The Financial Services Taskforce (FSTF) of Sustainable Markets Initiative (SMI) suggests a gamut of strategies on how the banking sector can support these transitions, including benchmarking the definition of sustainable financing for further investments, undertaking scenario analysis, and assessing the risks and opportunities in sustainable financing mechanisms.

India acknowledged the importance of green financing in 2007. Subsequently, the Reserve Bank of India devised policies to encourage banks to align with sustainability goals. In 2015, the central bank included small renewable energy projects under the Priority Sector Lending scheme. In response, Indian banks devised internal policies to reduce their lending to carbon intensive sectors and adopt a green finance approach to credit. This has also led to some carbon-intensive sectors rethinking their business models and turning to green production methods.

According to data published by the Reserve Bank of India, aggregate outstanding bank credit to the non-conventional energy sector was around 365.43 billion rupees ($4.8 billion approximately), which was 7.9% of the outstanding bank credit to the power generation sector as of March 2020.

Image: Green Finance in India: Progress and Challenges, January Bulletin, Reserve Bank of India, 2021.

Banks have also been issuing green bonds with the objective of pushing work in economically sustainable projects. The value of these bonds, though, are small when compared with the total size of bond issuance in India. The country has issued green bonds worth around $8 billion since January 2018, or 0.7%, of total bonds.

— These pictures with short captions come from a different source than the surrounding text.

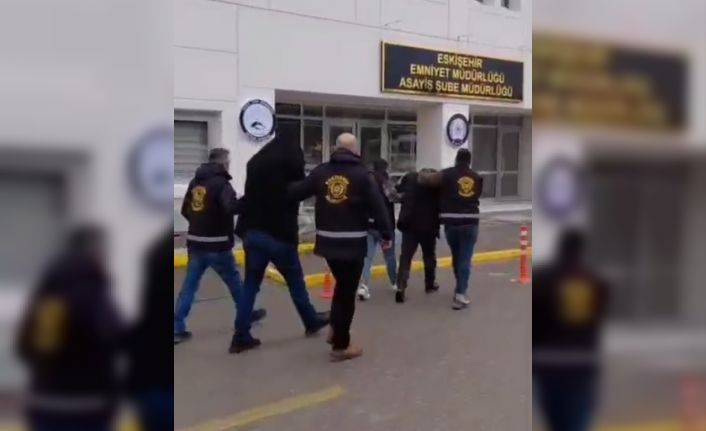 Akü firmasını sahte çek ile 6 milyon TL zarara uğratan dolandırıcılar yakalandı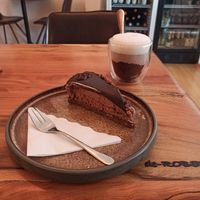 Vegane Schokotorte und heiße Schokolade at portal cafe in Uberlingen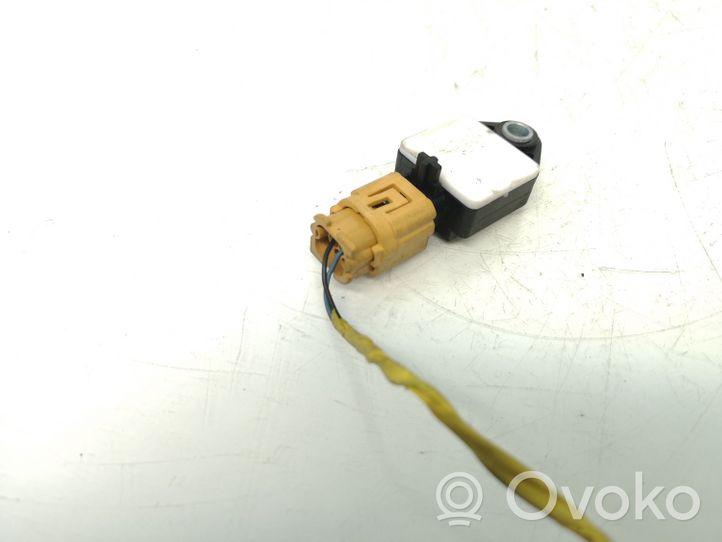 Fiat Idea Airbag deployment crash/impact sensor 4684542124250222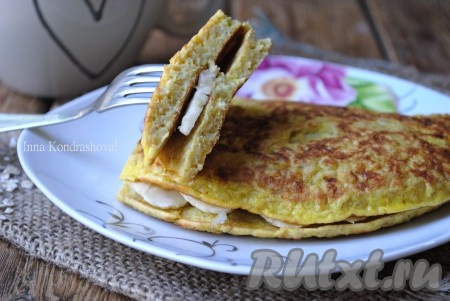 Такой завтрак отлично дополнит чашечка ароматного чая или питьевой йогурт.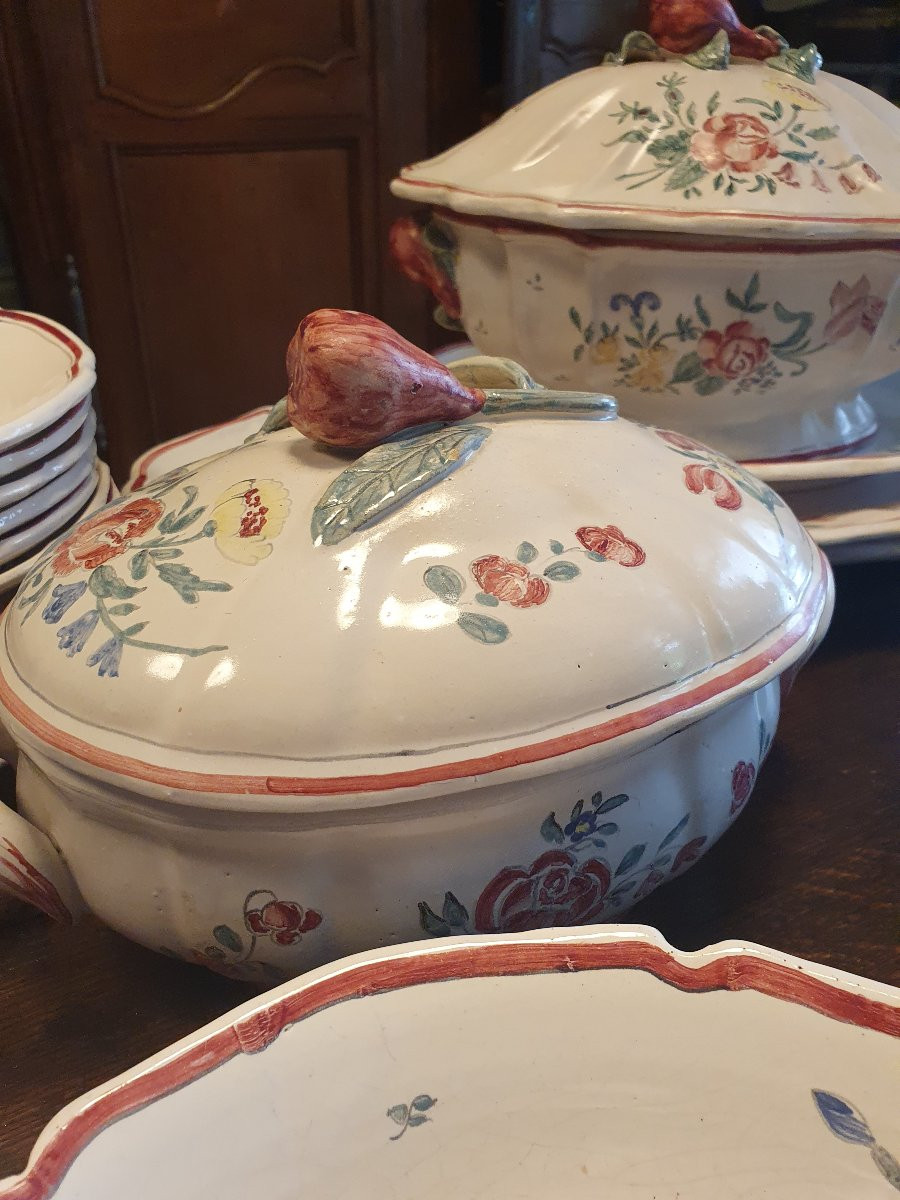 Part Of An Earthenware Table Service-photo-3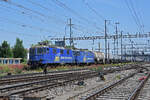 Doppeltraktion, mit den WRS Loks 421 381-5 und 421 373-2 durchfährt am 09.06.2023 den Bahnhof Pratteln.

Yes Bank and Axis Bank, for instance, were amongst the first banks to issue green bonds back in 2015-16.

The green finance road to 2070

Efforts, however, need to gather greater momentum. Although in the past few years, increase in awareness and policies have helped navigate the transition towards a greener tomorrow, there is no denying that Indian banks need to catch up.

Besides, keeping borrowing costs low and verifying sustainability claims would be a major challenge for banks in their journey to green financing. The answer to these challenges could well lie in banks’ ability to work with global financial institutions to provide the capital and structures, innovate new financing models relevant and specific to Indian challenges and harness the use of technology to accelerate the sustainability process.

To enable banks to operate and develop this sustainable ecosystem, the policy framework is of paramount importance. Fiscal measures such as a supportive taxation policy for green finance would help bring transaction costs down and promote better lending. Besides, India also needs green infrastructure investment trusts to facilitate deeper green bond markets, and green finance instrument innovation.

Lastly, it is the collective urge to make a sustainable change that will make a real difference. This requires the whole sector to step up. All sectors are interdependent and a nudge at one corner may not be enough. Making a holistic difference should take centre stage. Greater public awareness, information sharing, and constant research and development should help bring about the real shift.